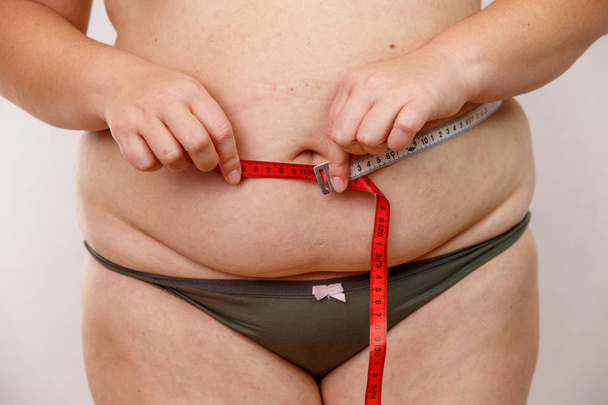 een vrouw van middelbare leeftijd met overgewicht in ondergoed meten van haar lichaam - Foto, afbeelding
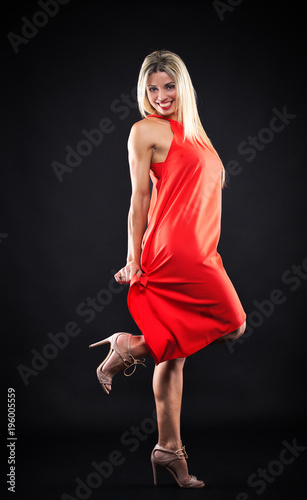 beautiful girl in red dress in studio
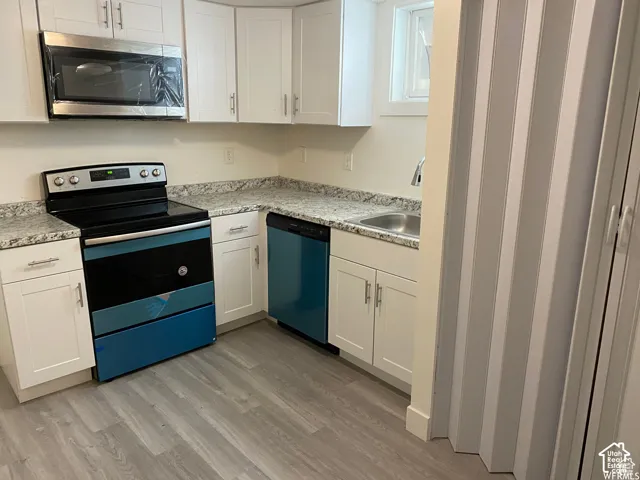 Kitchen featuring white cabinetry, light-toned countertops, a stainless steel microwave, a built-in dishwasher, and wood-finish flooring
==
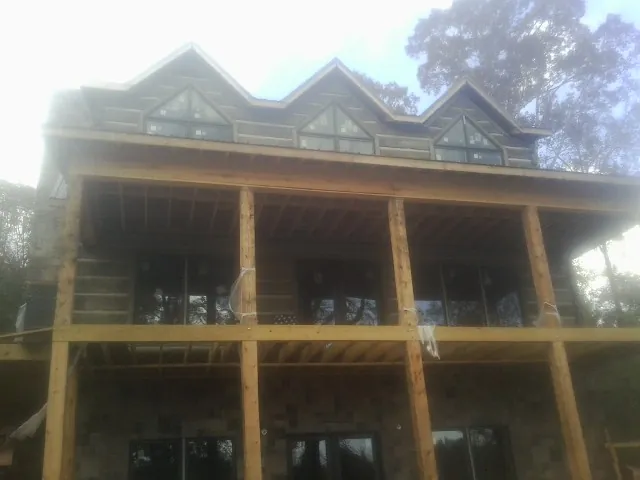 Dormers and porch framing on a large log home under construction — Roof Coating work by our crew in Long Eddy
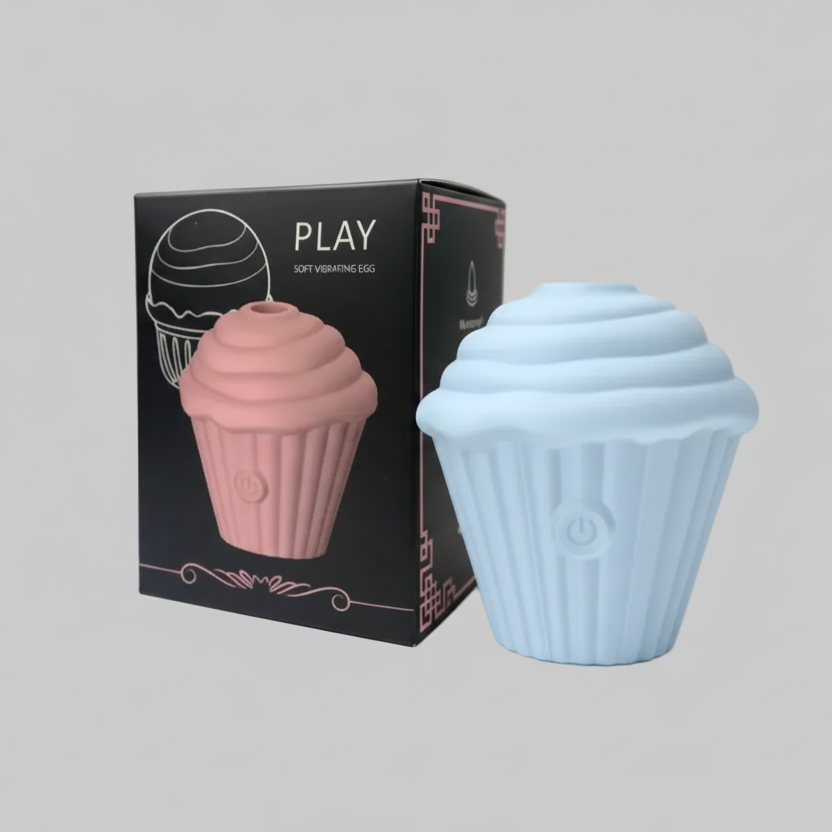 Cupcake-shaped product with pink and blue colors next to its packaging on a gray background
* * *
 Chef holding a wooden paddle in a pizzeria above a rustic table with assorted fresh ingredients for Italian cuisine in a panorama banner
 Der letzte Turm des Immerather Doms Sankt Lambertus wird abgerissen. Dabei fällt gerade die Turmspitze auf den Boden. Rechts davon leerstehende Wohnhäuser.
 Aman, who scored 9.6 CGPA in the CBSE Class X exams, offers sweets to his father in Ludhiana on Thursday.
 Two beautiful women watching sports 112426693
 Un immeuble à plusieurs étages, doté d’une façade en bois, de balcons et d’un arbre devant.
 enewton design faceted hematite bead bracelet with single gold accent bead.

* _WHAT IS NEEDED_
Transcribe, exactly and without additions, the lines of the records above, beginning with the line that contains "Chef holding a" and ending with the line that contains "enewton design faceted", both included.

* _FINAL ANSWER_
 Chef holding a wooden paddle in a pizzeria above a rustic table with assorted fresh ingredients for Italian cuisine in a panorama banner
 Der letzte Turm des Immerather Doms Sankt Lambertus wird abgerissen. Dabei fällt gerade die Turmspitze auf den Boden. Rechts davon leerstehende Wohnhäuser.
 Aman, who scored 9.6 CGPA in the CBSE Class X exams, offers sweets to his father in Ludhiana on Thursday.
 Two beautiful women watching sports 112426693
 Un immeuble à plusieurs étages, doté d’une façade en bois, de balcons et d’un arbre devant.
 enewton design faceted hematite bead bracelet with single gold accent bead.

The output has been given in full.